I have a perl script that goes through a folder with a couple of thousand files.
When I started writing the script I was unaware of the perl File::Find functions, so in order to list all the files in the structure I used something along the line of:
open (FILES, "$FIND $FOLDER -type f |");
while (my $line = <FILES>) {...}
Now however I figured I would try doing this from perl instead of launching a external program. (No real reason to do this change other than wanting to learn to use File::Find.)
Trying to learn the semantics of File::Find find function I tried a few things on the command line and compared the output to that of find.
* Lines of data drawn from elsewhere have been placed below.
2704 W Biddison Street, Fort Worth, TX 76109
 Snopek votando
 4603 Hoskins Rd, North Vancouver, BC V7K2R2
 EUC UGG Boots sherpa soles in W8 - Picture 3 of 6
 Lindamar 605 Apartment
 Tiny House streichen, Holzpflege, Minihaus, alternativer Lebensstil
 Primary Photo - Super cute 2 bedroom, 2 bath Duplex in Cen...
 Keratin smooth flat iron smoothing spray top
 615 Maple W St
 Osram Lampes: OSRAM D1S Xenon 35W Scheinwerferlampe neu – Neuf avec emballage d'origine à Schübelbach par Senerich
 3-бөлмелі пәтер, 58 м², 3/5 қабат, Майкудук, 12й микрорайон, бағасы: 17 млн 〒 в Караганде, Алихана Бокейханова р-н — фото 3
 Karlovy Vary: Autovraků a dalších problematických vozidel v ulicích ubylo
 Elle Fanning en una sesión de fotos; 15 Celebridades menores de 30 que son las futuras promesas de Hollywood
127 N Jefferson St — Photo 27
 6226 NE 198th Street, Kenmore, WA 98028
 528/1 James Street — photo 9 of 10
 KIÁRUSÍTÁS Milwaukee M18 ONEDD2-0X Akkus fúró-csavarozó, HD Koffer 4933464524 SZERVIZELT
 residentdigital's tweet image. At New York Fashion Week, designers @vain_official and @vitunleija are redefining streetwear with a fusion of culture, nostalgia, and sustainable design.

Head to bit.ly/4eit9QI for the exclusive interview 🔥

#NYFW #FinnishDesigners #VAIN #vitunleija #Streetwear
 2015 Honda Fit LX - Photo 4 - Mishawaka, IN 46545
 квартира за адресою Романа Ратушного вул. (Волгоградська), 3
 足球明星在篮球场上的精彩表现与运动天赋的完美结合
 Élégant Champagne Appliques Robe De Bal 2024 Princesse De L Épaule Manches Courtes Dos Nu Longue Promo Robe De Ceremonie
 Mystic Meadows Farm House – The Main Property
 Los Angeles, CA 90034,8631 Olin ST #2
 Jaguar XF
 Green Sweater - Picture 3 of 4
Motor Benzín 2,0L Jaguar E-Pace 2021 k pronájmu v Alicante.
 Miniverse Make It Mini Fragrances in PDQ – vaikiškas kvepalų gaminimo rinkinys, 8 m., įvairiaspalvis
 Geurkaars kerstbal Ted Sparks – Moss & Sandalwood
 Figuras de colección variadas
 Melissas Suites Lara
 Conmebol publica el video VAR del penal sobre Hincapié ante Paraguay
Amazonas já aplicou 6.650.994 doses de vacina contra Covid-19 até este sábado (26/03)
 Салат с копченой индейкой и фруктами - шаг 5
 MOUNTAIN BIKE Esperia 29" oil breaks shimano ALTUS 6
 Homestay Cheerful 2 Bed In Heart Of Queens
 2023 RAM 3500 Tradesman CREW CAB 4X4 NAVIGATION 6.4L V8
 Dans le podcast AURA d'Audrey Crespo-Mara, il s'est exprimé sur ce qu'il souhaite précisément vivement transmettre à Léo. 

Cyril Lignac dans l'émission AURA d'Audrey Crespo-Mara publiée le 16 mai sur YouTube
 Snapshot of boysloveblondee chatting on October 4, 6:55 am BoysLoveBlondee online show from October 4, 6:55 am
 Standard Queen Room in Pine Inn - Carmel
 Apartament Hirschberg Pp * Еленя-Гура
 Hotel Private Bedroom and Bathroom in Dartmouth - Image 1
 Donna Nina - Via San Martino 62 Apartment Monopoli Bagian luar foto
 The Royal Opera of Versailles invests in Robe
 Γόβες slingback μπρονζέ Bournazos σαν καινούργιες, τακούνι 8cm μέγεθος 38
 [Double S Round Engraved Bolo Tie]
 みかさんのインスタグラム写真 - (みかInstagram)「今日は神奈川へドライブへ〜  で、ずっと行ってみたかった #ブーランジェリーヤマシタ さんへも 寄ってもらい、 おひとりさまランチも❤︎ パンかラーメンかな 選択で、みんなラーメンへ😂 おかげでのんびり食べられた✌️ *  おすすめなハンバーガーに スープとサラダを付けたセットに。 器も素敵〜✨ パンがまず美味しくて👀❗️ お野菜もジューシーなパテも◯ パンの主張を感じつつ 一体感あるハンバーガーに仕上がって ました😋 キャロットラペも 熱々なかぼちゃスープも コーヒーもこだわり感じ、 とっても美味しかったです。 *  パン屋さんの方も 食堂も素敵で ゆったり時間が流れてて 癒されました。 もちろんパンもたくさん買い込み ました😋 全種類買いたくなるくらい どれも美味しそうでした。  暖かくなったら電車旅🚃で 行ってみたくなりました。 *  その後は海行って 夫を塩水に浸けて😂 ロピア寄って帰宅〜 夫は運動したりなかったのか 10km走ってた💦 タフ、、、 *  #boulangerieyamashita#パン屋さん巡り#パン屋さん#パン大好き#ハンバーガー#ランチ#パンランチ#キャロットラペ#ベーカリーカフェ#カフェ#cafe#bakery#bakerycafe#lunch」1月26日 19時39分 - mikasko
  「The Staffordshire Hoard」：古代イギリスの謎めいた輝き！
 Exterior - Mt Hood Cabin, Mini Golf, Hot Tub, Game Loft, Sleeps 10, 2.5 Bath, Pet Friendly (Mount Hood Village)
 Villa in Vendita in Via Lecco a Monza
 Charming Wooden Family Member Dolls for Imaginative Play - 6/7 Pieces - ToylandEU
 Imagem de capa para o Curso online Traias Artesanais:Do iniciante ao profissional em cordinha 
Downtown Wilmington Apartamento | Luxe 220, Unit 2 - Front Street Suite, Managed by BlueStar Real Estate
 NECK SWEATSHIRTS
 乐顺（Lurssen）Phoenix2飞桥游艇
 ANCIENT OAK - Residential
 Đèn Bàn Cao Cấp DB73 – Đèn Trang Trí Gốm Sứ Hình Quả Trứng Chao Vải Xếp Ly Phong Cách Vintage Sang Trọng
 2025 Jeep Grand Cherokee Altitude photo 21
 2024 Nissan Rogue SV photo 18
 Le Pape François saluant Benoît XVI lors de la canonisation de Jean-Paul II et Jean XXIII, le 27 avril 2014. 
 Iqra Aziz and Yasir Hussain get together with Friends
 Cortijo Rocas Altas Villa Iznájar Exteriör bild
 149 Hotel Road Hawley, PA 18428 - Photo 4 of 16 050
Oddly enough there is 1 file that the program find finds but the perl function skips.
Find works:
machine:~# find /search/path -type f | grep UNIQ
/search/path/folder/folder/UNIQ/movie_file_015.MOV
/search/path/folder/folder/UNIQ/movie_file_145.MOV
/search/path/folder/folder/UNIQ/Thumbs.db
machine:~# find /search/path -type f | wc -l
6439
Perl fails:
machine:~# perl -e 'use File::Find; find(sub { print $File::Find::name . "\n" if -f }, "/search/path");' | grep UNIQ
/search/path/folder/folder/UNIQ/movie_file_145.MOV
/search/path/folder/folder/UNIQ/Thumbs.db
machine:~# perl -e 'use File::Find; find(sub { print $File::Find::name . "\n" if -f }, "/search/path");' | wc -l
6438
Changing to exclude folders rather than include files works:
machine:~# perl -e 'use File::Find; find(sub { print $File::Find::name . "\n" unless -d }, "/search/path");' | grep UNIQ
/search/path/folder/folder/UNIQ/movie_file_015.MOV
/search/path/folder/folder/UNIQ/movie_file_145.MOV
/search/path/folder/folder/UNIQ/Thumbs.db
Only difference between the files is the size:
machine:~# ls -l /search/path/folder/folder/UNIQ/
total 4213008
-rw-rw-r-- 1 user users 4171336632 May 27 2012 movie_file_015.MOV
-rw-rw-r-- 1 user users 141610616 May 27 2012 movie_file_145.MOV
-rw-rw-r-- 1 user users 20992 May 27 2012 Thumbs.db
Perl on the machine in question is old but not ancient:
machine:~# perl -version
This is perl, v5.8.8 built for sparc-linux
Copyright 1987-2006, Larry Wall
Perl may be copied only under the terms of either the Artistic License or the
GNU General Public License, which may be found in the Perl 5 source kit.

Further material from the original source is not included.